While the military is claiming that the decision was strictly business-related, Deseret News reports that there may be more to the story, writing:
Hubbub over pornography at military installations arose in June when anti-pornography group Morality in Media formally asked Secretary of Defense Chuck Hagel to ban the sale of pornography on military bases in accordance with Section 2495b of title 10 in the United States code, which expressly prohibits the sale of sexually explicit materials on any Department of Defense property.
Morality in Media released a statement after the government's decision, calling it "a great victory." The organization, which works to remove pornography from society, is taking credit for the military's change-of-heart.

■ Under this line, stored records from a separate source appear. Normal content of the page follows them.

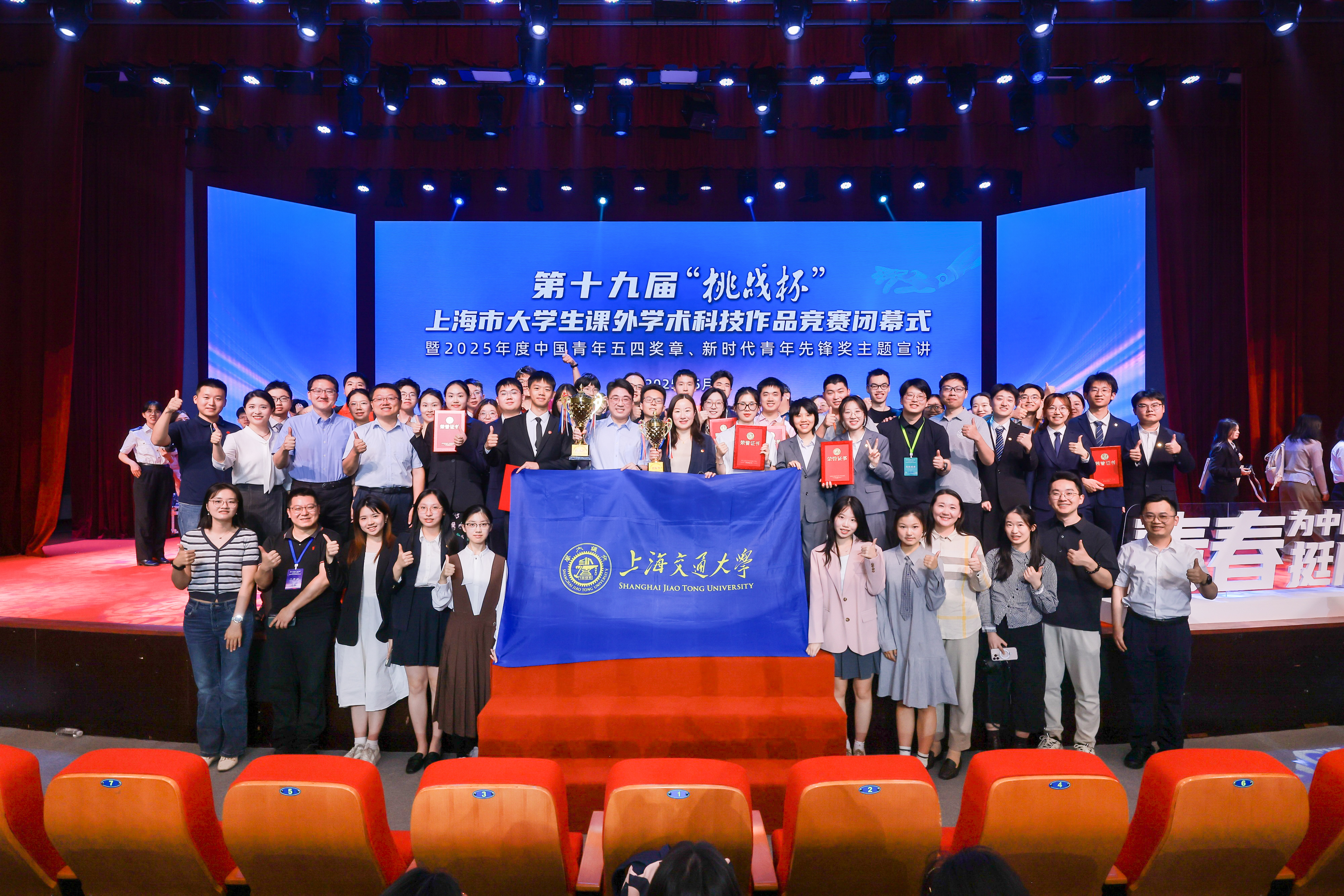 1762217065952282.jpg 微信图片_20251103215924_158_170.jpg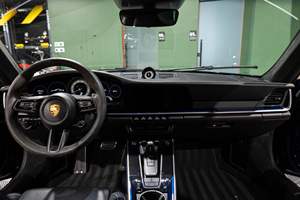 2021 911 Turbo S Coupé 640 ch, moteur Flat-6 biturbo, transmission intégrale, très bien équipé, peu modifié - Product Image 4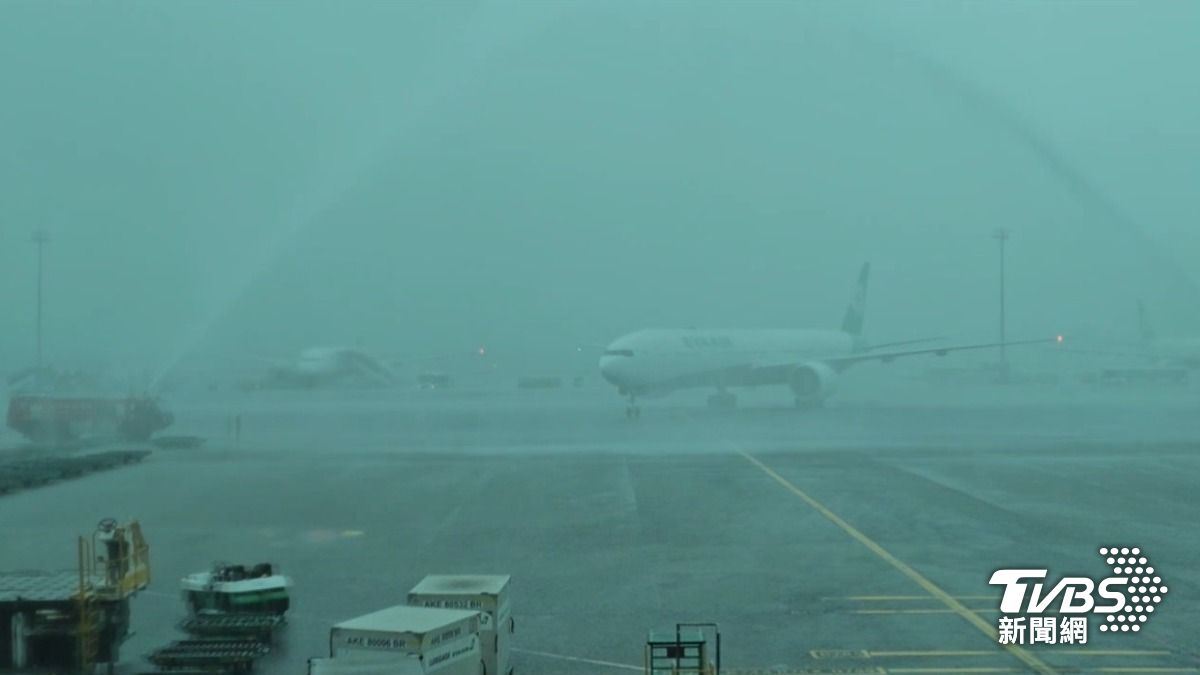 桃園國際機場在航機抵達桃機時，於停機位進行「水門禮」迎接儀式。（圖／廖宗慶攝）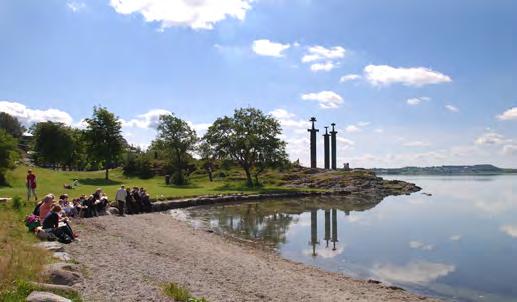 Nordens største selskap, Statoil, har sitt hovedkontor på Forus i Stavanger, og i tillegg har flere internasjonale olje- og gasselskap sitt norske kontor i byen.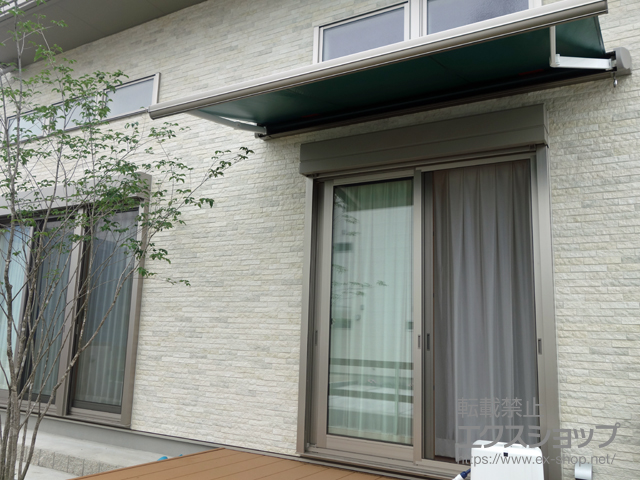 栃木県宇都宮市のLIXIL リクシル（トステム）のオーニング・日よけ 彩風C型 手動式 施工例
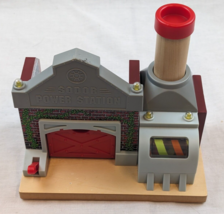 Thomas &amp; Friends Wooden Railway Sodor Power Station 2005 Lights up works - £19.80 GBP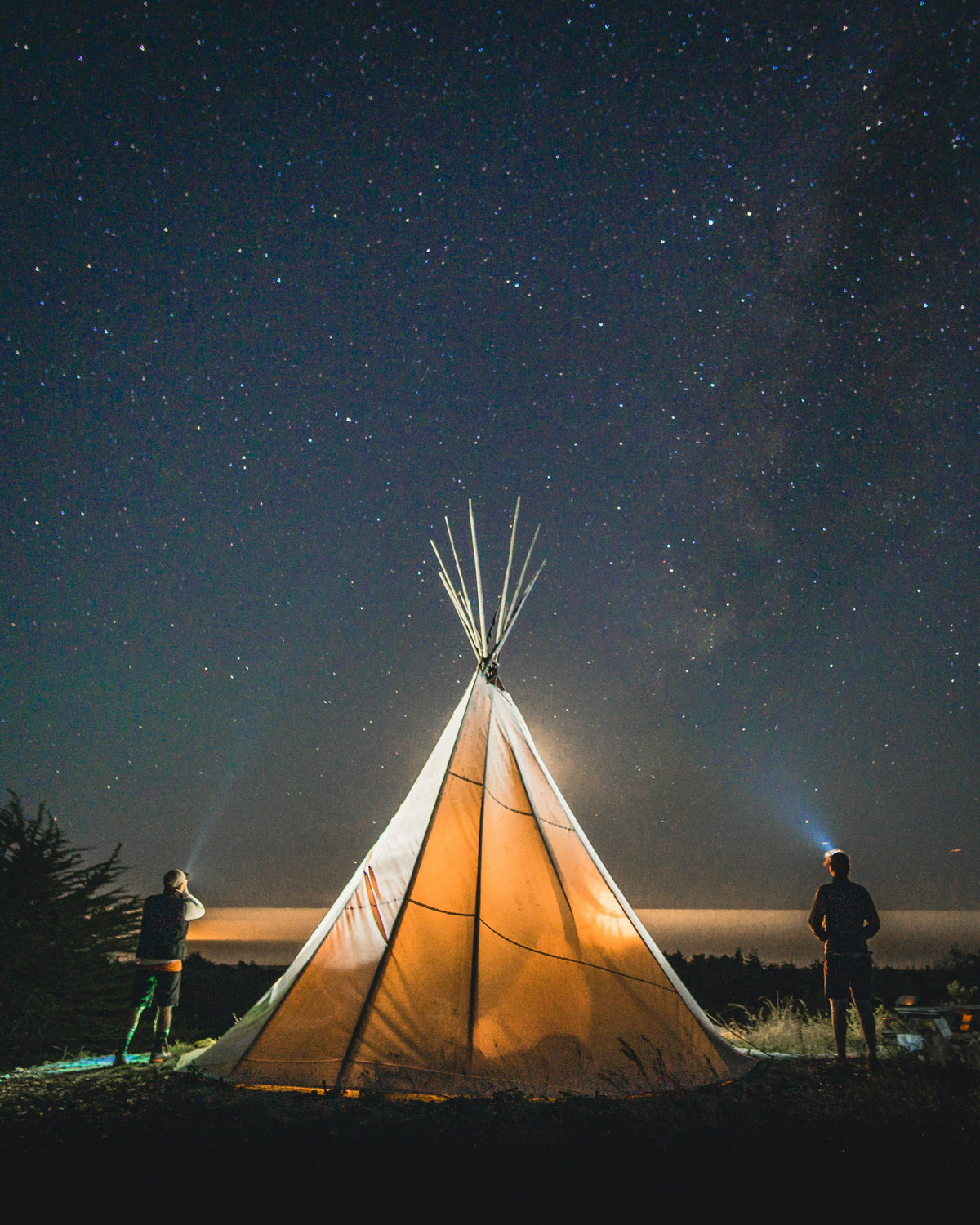 Campamento iluminado de noche bajo la vía láctea en la montaña — Ferrata Outdoor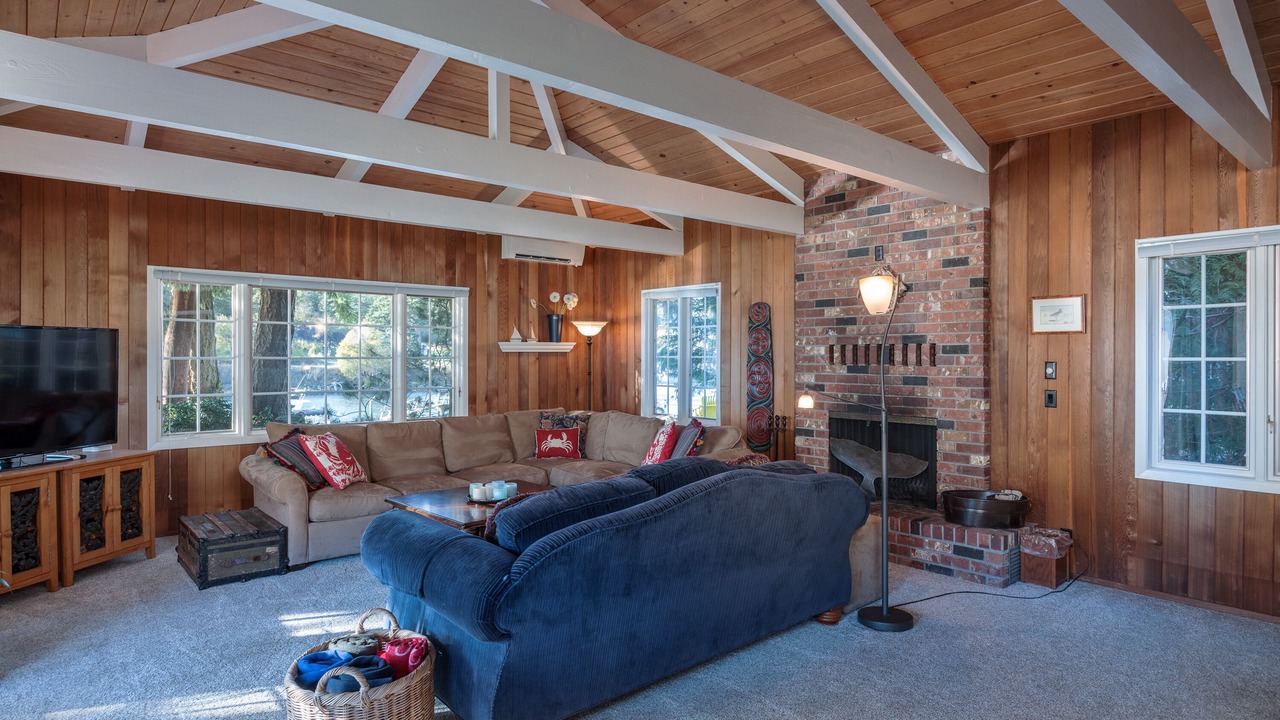 Photo of Others in Deer Harbor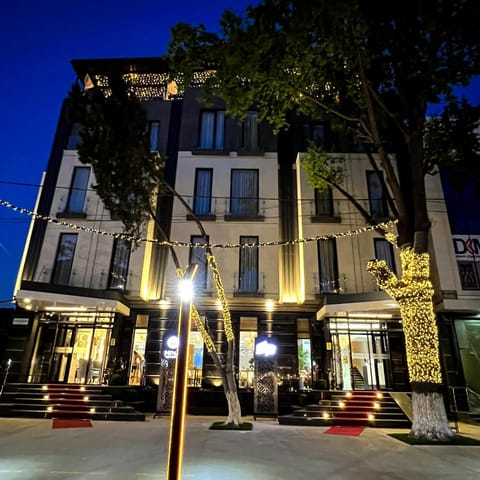 Property building, Facade/entrance, Street view, Location, Parking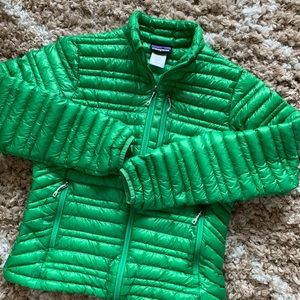 Patagonia lightweight puffer jacket coat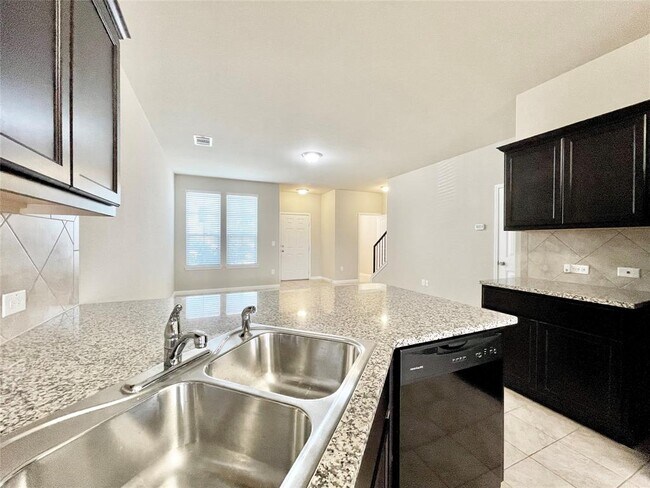 Building Photo - 415 Crater Lake Dr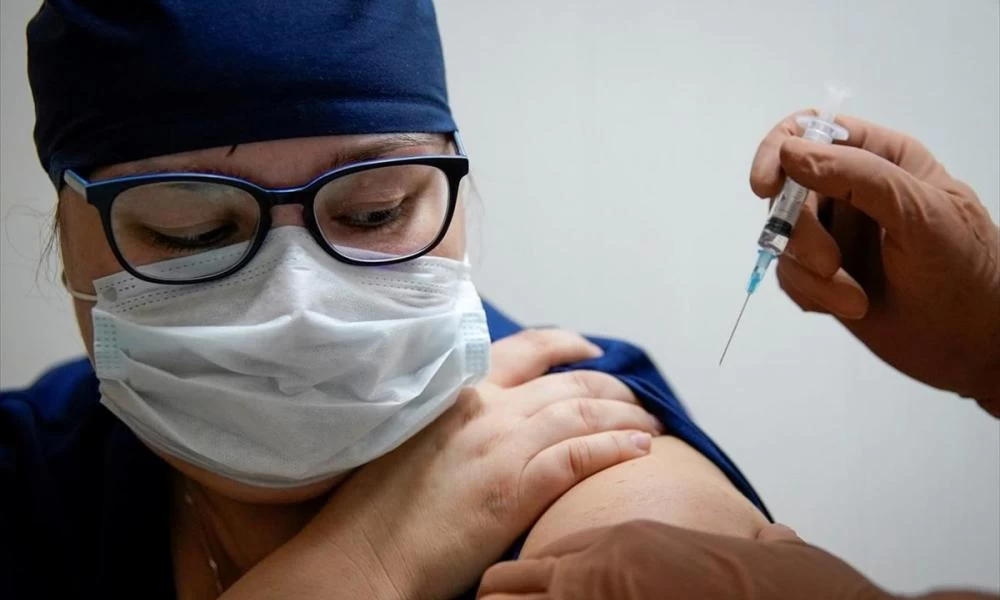 Βέλγιο: Με πυρετώδεις διαδικασίες συνεχίζονται οι εμβολιασμοί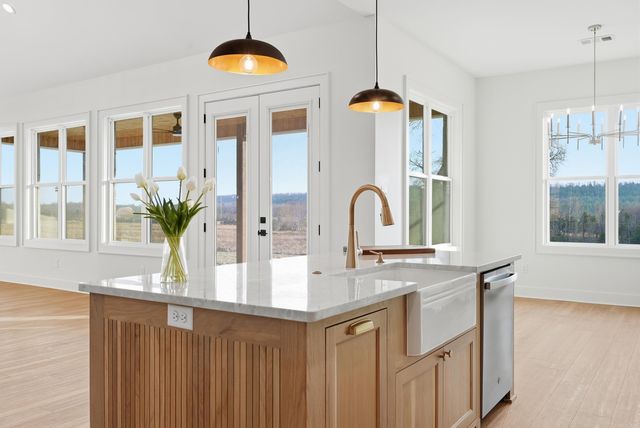 240 Castleberry Road, Greenbrier, AR 72058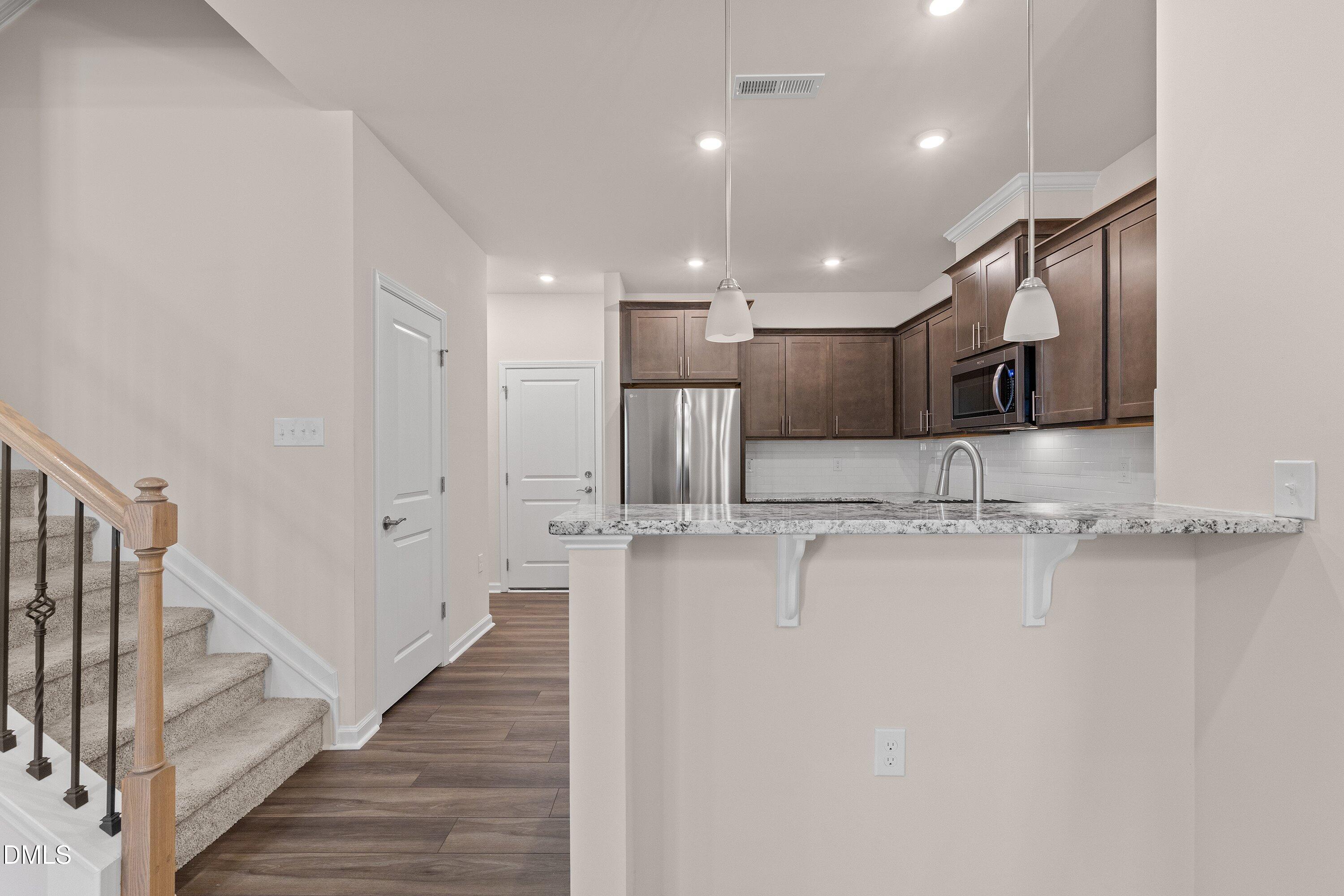 5702 Volos Avenue Property Photo 13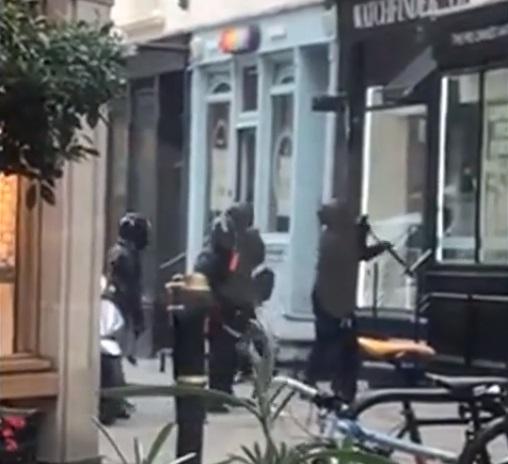 Un hoț de bijuterii a fost imobilizat de niște rom&acirc;ni curajoși, chiar &icirc;n timp ce fugea! Scenele au fost surprinse pe străzile Londrei!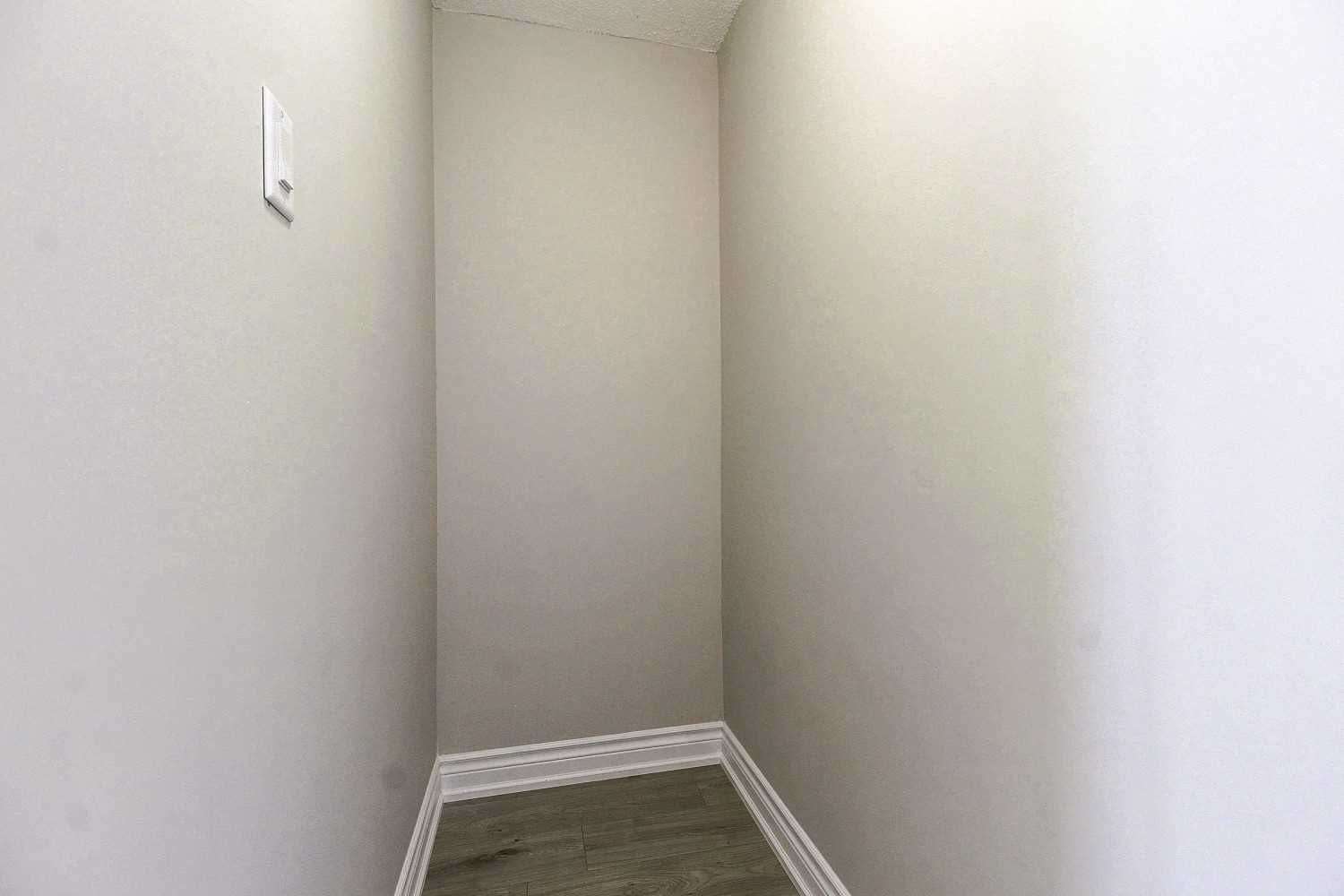 100 Wingarden Court, #605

This May 30, 2013 photo provided by Morality in Media shows adult magazines on sale at the exchange store in Lackland Air Force Base in San Antonio, Texas. Taking effect on Wednesday, July 31, 2013, sex-themed magazines will no longer be sold at Army and Air Force exchanges - a move described by the stores' operators as a business decision based on falling sales, and not a result of recent pressure from anti-pornography activists. Credit: AP
"It is a great victory that the Army and Air Force exchanges will finally stop selling sexually [exploitative] magazines," Morality in Media Executive Director Dawn Hawkins said in a release. "Hopefully the other branches will follow suit or Secretary Hagel will order their removal from all bases."
The group had petitioned for the removal of these sex-themed magazines.
What's most interesting about the debate is that the anti-porn organization received a letter on July 22 from the government claiming that the magazines that were cited as problematic did not qualify as sexually-explicit. Based on the letter, it seemed their availability would continue.
Just days later, though, the government decided to remove these periodicals along with hundreds of others, citing the move as a business decision.